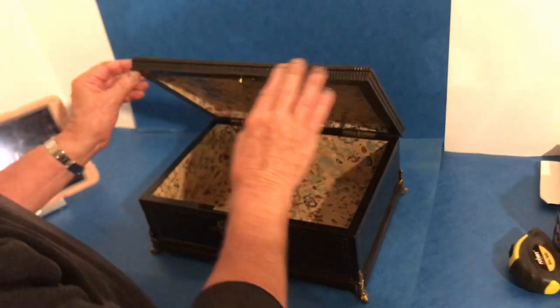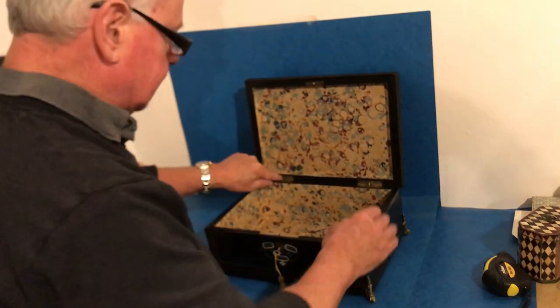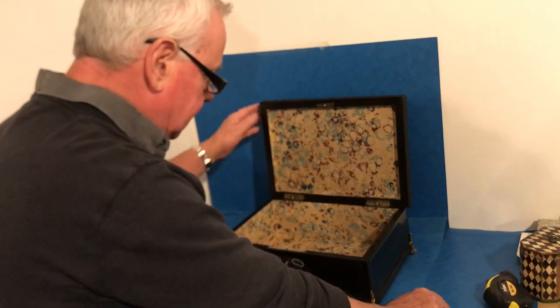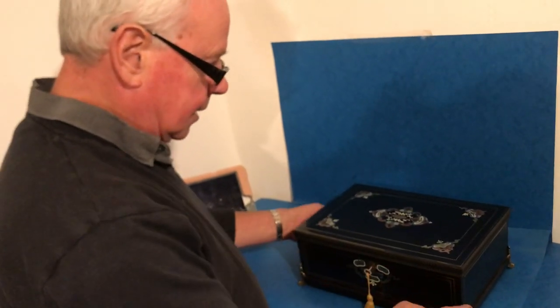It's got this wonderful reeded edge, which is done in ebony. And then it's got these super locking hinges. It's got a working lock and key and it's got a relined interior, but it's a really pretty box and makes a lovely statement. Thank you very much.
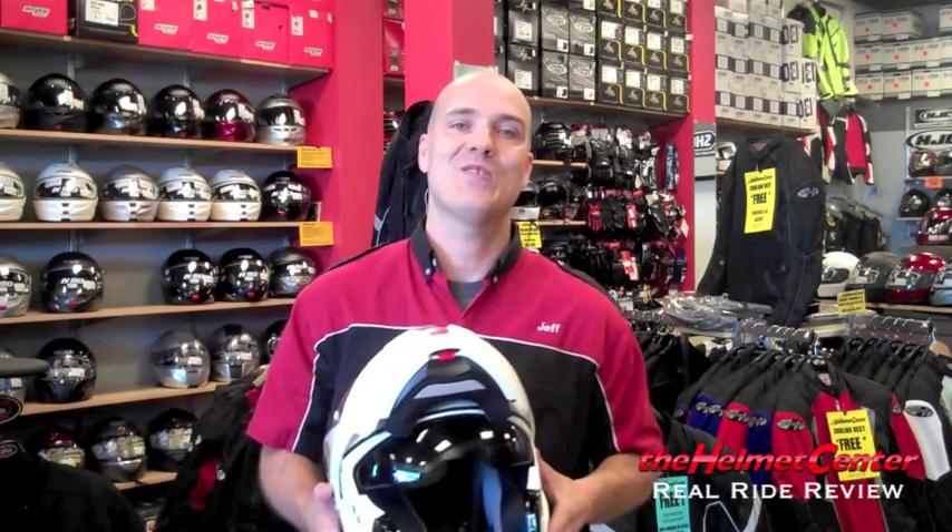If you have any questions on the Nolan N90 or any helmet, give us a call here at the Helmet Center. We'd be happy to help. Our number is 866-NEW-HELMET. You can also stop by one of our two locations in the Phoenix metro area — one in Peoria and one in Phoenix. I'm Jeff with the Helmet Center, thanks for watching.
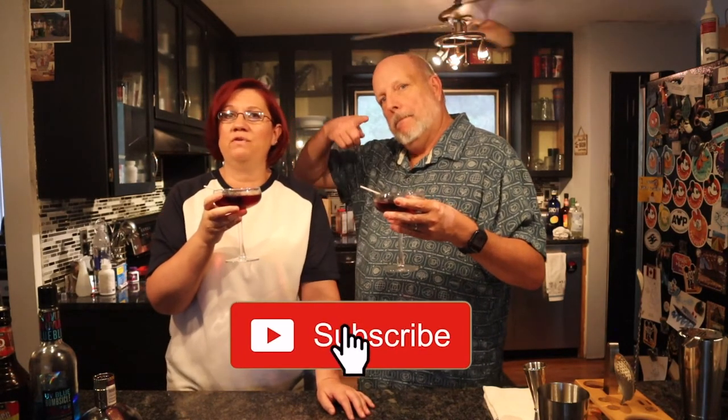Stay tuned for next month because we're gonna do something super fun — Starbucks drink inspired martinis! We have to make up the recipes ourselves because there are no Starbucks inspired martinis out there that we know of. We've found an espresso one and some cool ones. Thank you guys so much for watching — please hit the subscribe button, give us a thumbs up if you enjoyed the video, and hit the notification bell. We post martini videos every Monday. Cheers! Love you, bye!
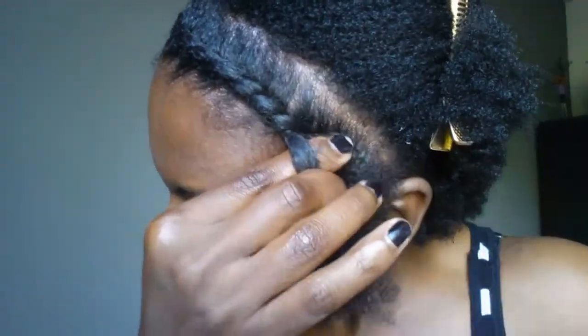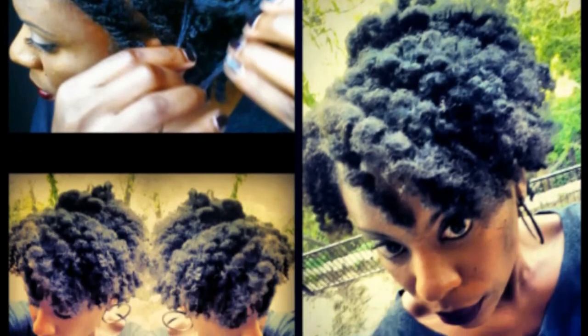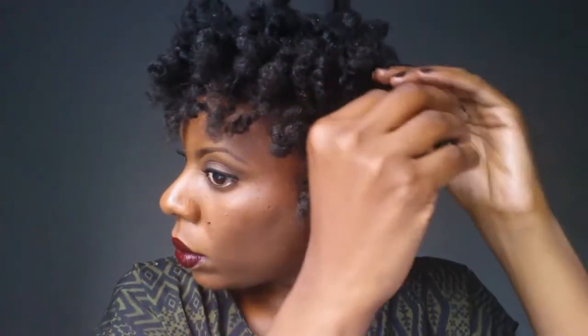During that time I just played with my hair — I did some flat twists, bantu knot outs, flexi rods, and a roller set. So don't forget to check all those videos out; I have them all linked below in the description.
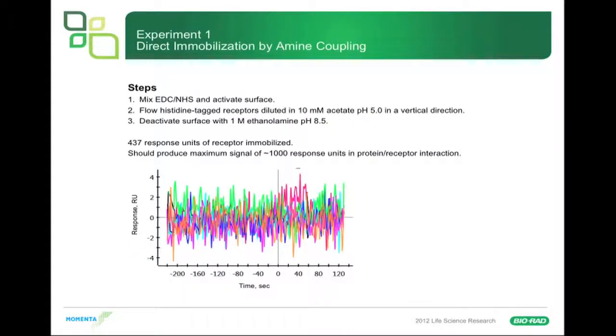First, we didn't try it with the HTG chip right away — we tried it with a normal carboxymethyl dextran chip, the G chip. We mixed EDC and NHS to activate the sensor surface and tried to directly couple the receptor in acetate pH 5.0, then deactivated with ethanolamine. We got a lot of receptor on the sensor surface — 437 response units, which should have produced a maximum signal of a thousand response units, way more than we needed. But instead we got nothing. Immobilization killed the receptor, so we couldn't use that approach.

###

What needs to be done: Your answer should hold every record above, printed exactly and free of pictures.

Output:
It's got this wonderful reeded edge, which is done in ebony. And then it's got these super locking hinges. It's got a working lock and key and it's got a relined interior, but it's a really pretty box and makes a lovely statement. Thank you very much.
If you have any questions on the Nolan N90 or any helmet, give us a call here at the Helmet Center. We'd be happy to help. Our number is 866-NEW-HELMET. You can also stop by one of our two locations in the Phoenix metro area — one in Peoria and one in Phoenix. I'm Jeff with the Helmet Center, thanks for watching.
Stay tuned for next month because we're gonna do something super fun — Starbucks drink inspired martinis! We have to make up the recipes ourselves because there are no Starbucks inspired martinis out there that we know of. We've found an espresso one and some cool ones. Thank you guys so much for watching — please hit the subscribe button, give us a thumbs up if you enjoyed the video, and hit the notification bell. We post martini videos every Monday. Cheers! Love you, bye!
During that time I just played with my hair — I did some flat twists, bantu knot outs, flexi rods, and a roller set. So don't forget to check all those videos out; I have them all linked below in the description.
First, we didn't try it with the HTG chip right away — we tried it with a normal carboxymethyl dextran chip, the G chip. We mixed EDC and NHS to activate the sensor surface and tried to directly couple the receptor in acetate pH 5.0, then deactivated with ethanolamine. We got a lot of receptor on the sensor surface — 437 response units, which should have produced a maximum signal of a thousand response units, way more than we needed. But instead we got nothing. Immobilization killed the receptor, so we couldn't use that approach.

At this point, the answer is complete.